Palestinians push for UN resolution rejecting Trump's Jerusalem embassy move
Palestinian diplomats want the UN Security Council to vote on a draft resolution rejecting President Donald Trump's decision to recognise Jerusalem as Israel's capital, even though the measure would almost certainly face a US veto, diplomats said Wednesday.
Palestinian Ambassador Riyad Mansour told AFP that the text would demand that the United States scrap the decision on Jerusalem, but other diplomats suggested the wording would not be so strong.
Egypt was expected to circulate a draft resolution to council members, possibly as early as this week, according to senior council diplomats.
Mansour said late Tuesday that he was working on a draft text that would "reaffirm the positions of the Security Council and ask the Americans to rescind."
The United States found itself isolated at the Security Council last week when all 14 other members including allies Britain, France and Italy condemned the decision, which broke with international consensus.
The status of Jerusalem, a city holy to Christians, Jews and Muslims, is perhaps the most sensitive issue in the Israeli-Palestinian conflict.
Israel sees the entire city as its undivided capital, while the Palestinians want the eastern sector, which Israel seized in the 1967 war and later annexed, as the capital of their future state.
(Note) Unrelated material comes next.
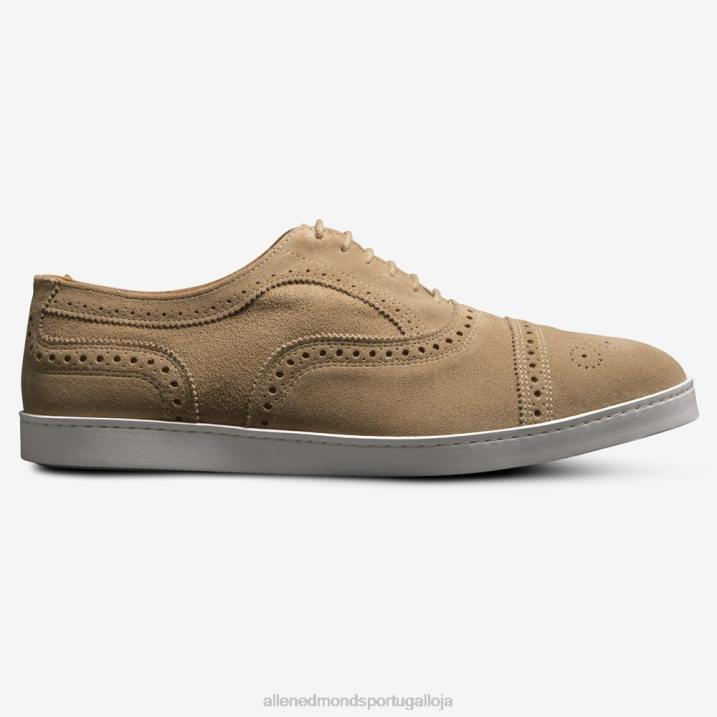 tênis oxford camurça fio 848L286 osso homensAllen Edmonds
Several UN resolutions call on Israel to withdraw from territory seized during the 1967 war and have reaffirmed the need to end the occupation of that land.
In 1980, the council adopted a resolution stating that "all legislative and administrative measures and actions taken by Israel, the occupying power, which purport to alter the character and status of the Holy City of Jerusalem have no legal validity."
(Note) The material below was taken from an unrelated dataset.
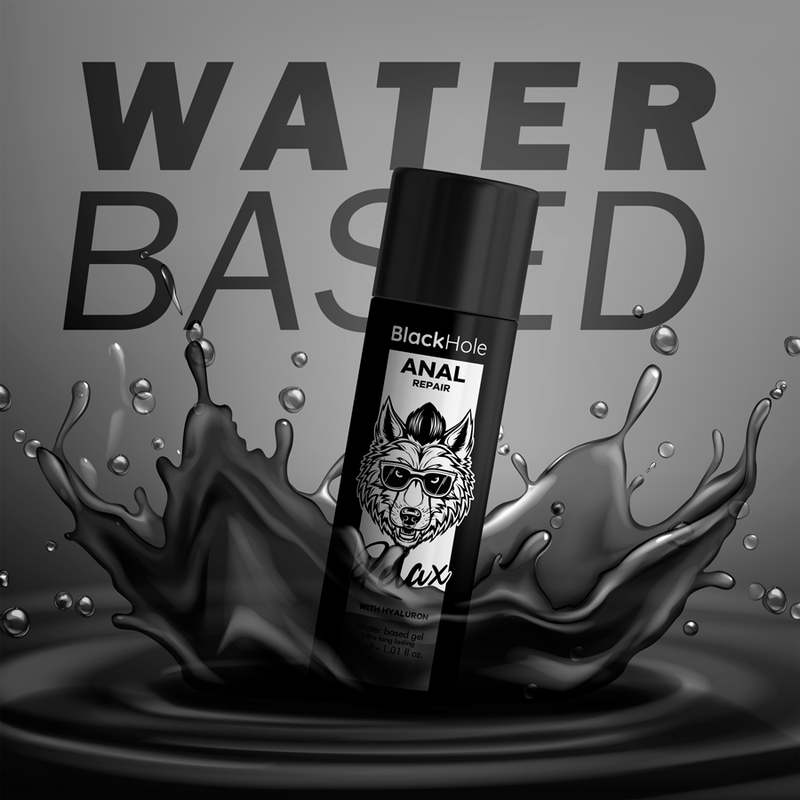 Lubrificante Anal Dilatador, Relaxante e Reparador com Ácido Hialurónico - Black Hole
A council diplomat said several draft texts had been shared informally but that the exact wording of the proposed draft resolution was key to ensure that all 14 council members vote in favor of the measure.
That would force the United States to resort to its veto power, a move that would highlight its isolation.
The Palestinians "actively want a US veto and they actively want the other 14 to stay together," said the diplomat, who asked not to be named.
Some council members such as Britain, Japan and Ukraine are reluctant to back a toughly worded measure that would strongly condemn the US decision and demand its reversal.
But they would probably rally around a resolution that repeats previous language and expresses regret "about recent developments," he said.
Backed by Arab countries, the Palestinians are also expected to ask the UN General Assembly to adopt a resolution condemning the US move.
The Palestinian campaign at the United Nations however is not intended to remove the United States from the peace process but rather to gain leverage on any future peace plan, diplomats said.
"This is not about pushing the US out of the picture. This is about them trying to shape the eventual content of a US-led proposal to be more in line" with the Palestinian stance, said a council diplomat.